* [Exercise directions]: Go through the listing below and write out exactly the lines from the one that mentions "У Львові банда" through the one that mentions "লামা-আলীকদমে নির্বিঘ্নে ভোটাধিকার", minus the pictures.

* [Material shown]:
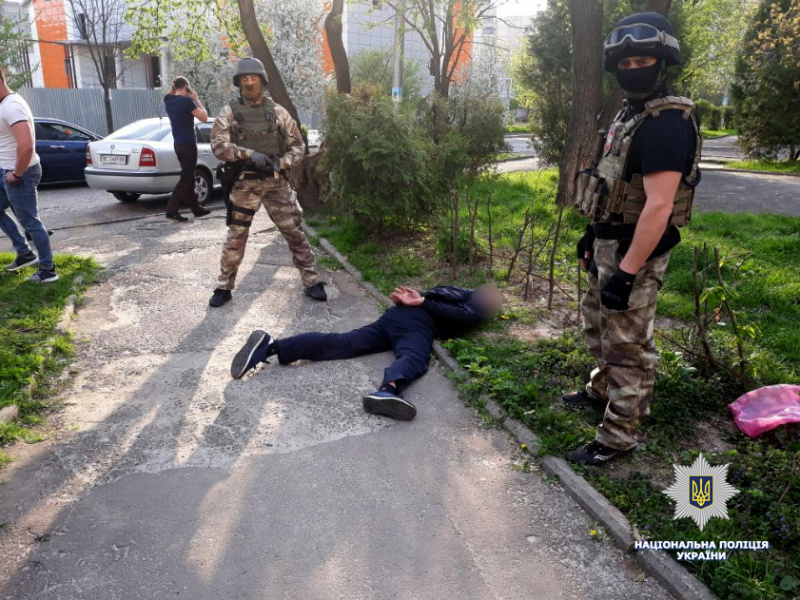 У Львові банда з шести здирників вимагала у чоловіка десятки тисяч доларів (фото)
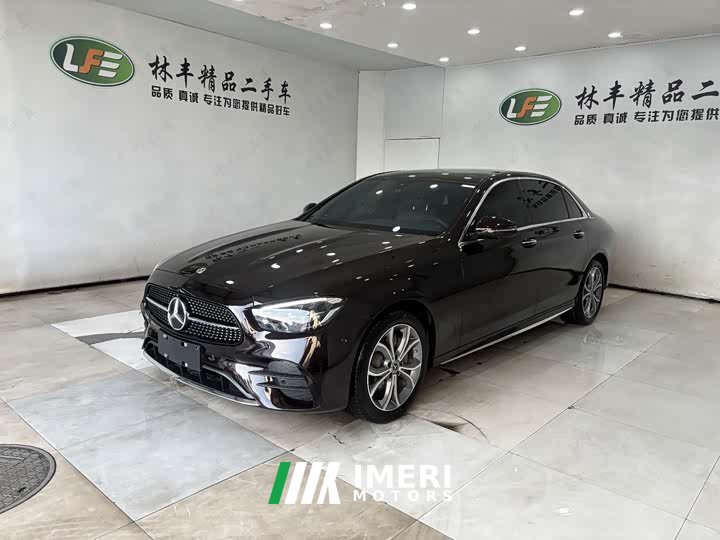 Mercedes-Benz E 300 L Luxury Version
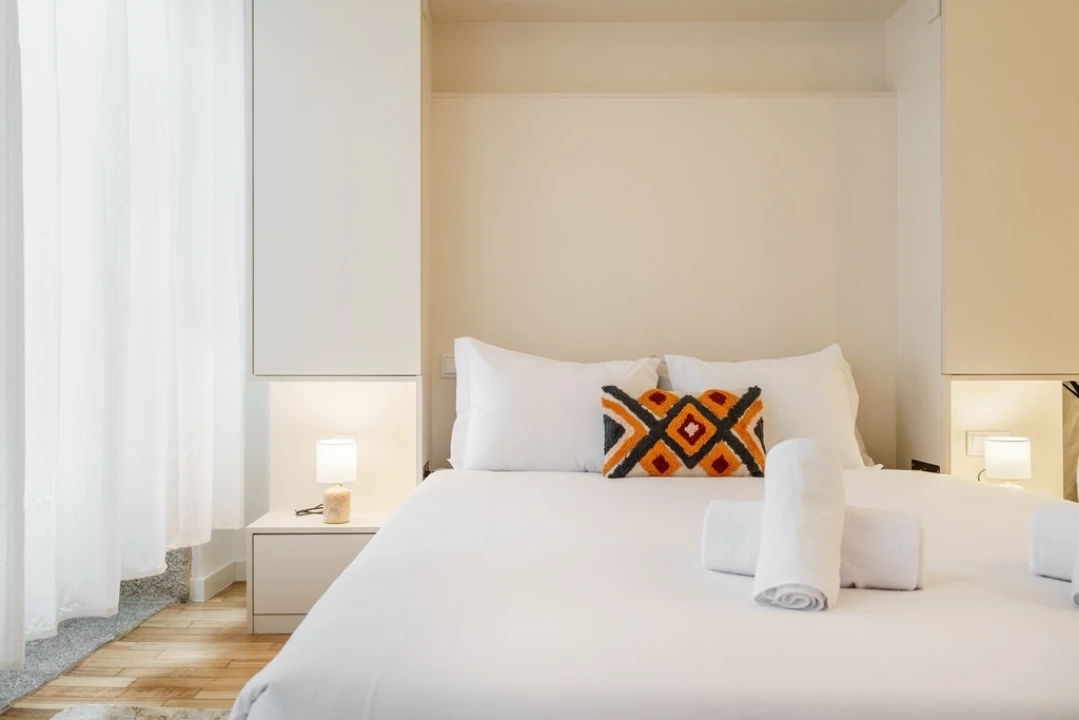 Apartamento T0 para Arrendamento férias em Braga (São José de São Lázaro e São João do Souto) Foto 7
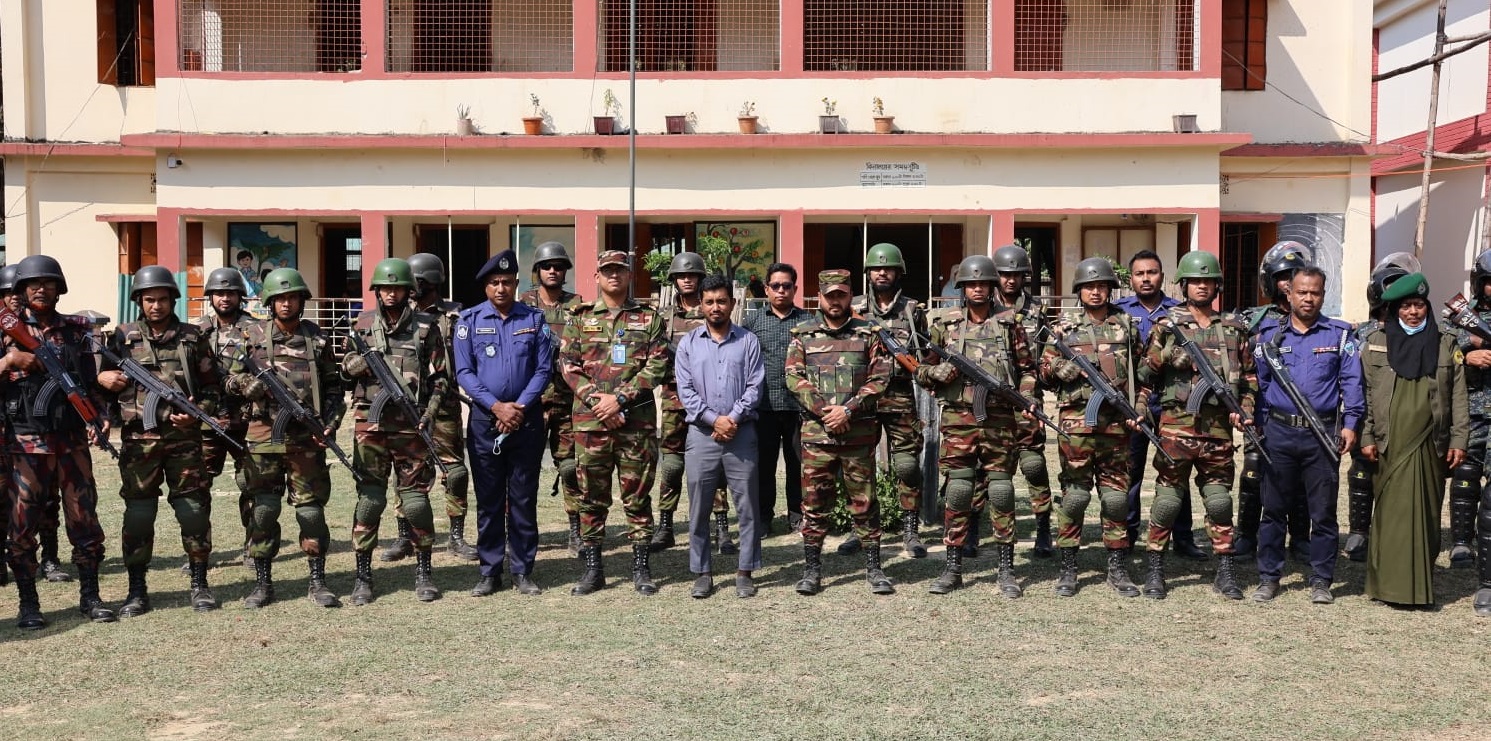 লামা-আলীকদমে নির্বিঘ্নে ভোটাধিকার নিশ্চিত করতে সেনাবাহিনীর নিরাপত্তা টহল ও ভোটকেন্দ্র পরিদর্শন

--

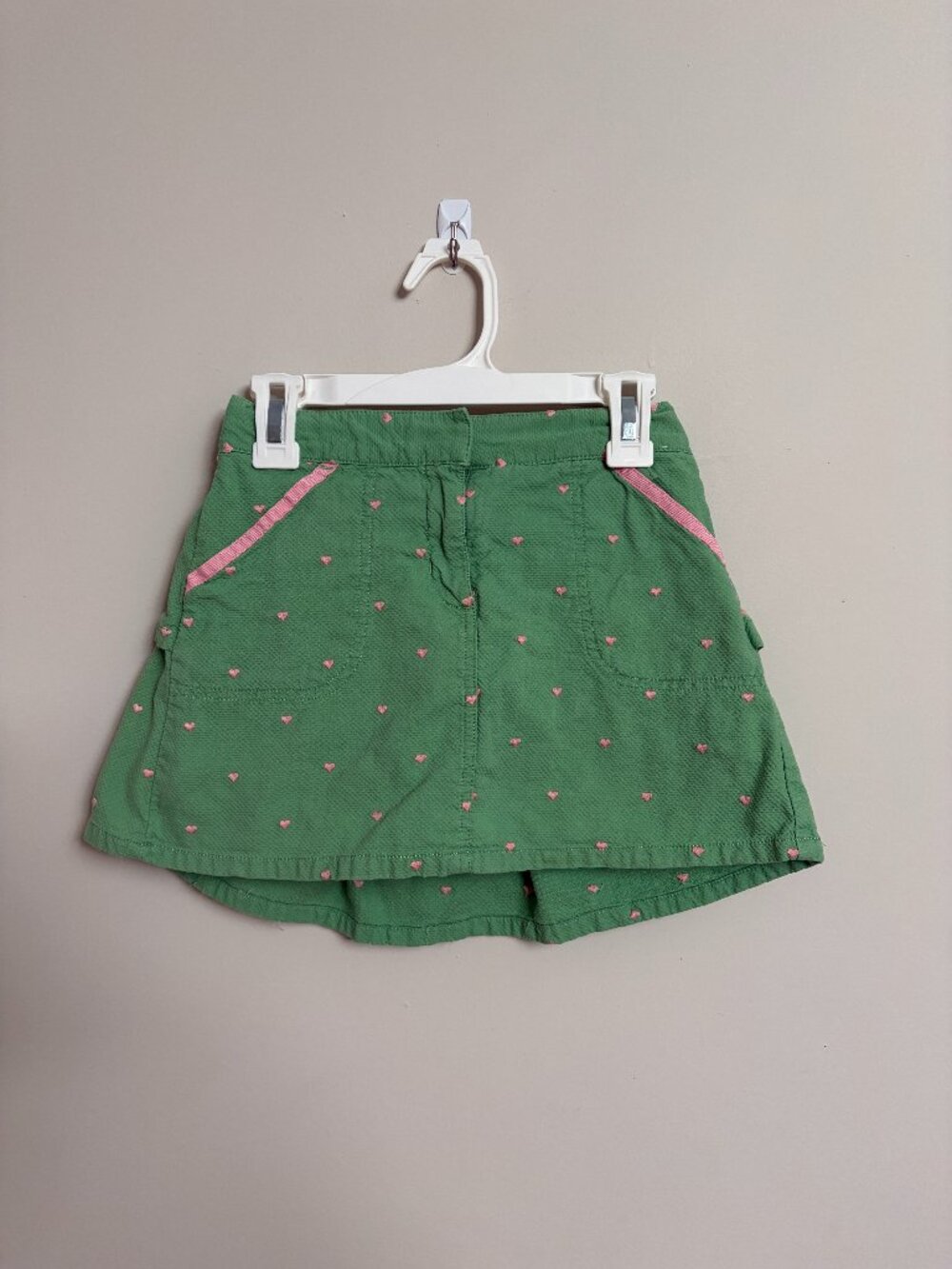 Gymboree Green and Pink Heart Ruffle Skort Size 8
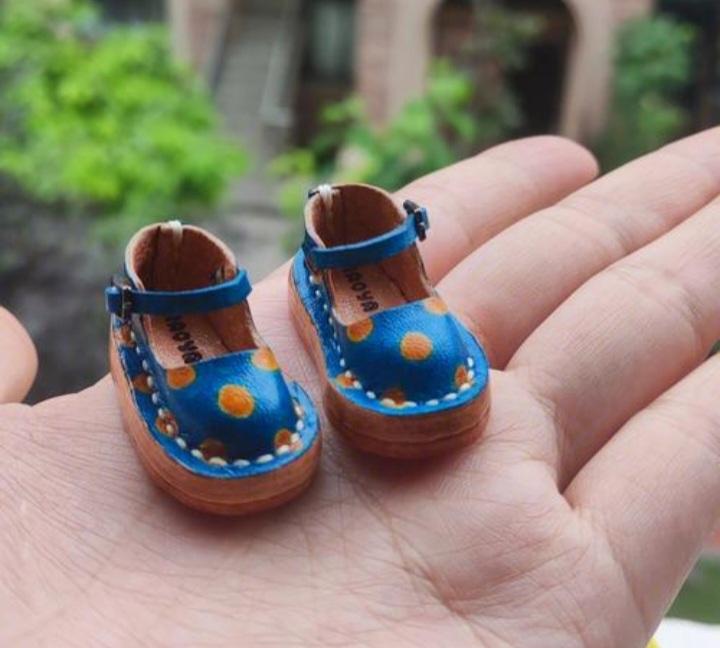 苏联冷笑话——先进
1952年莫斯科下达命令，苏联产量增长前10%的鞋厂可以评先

* [Exercise response]:
 У Львові банда з шести здирників вимагала у чоловіка десятки тисяч доларів (фото)
 Mercedes-Benz E 300 L Luxury Version
 Apartamento T0 para Arrendamento férias em Braga (São José de São Lázaro e São João do Souto) Foto 7
 লামা-আলীকদমে নির্বিঘ্নে ভোটাধিকার নিশ্চিত করতে সেনাবাহিনীর নিরাপত্তা টহল ও ভোটকেন্দ্র পরিদর্শন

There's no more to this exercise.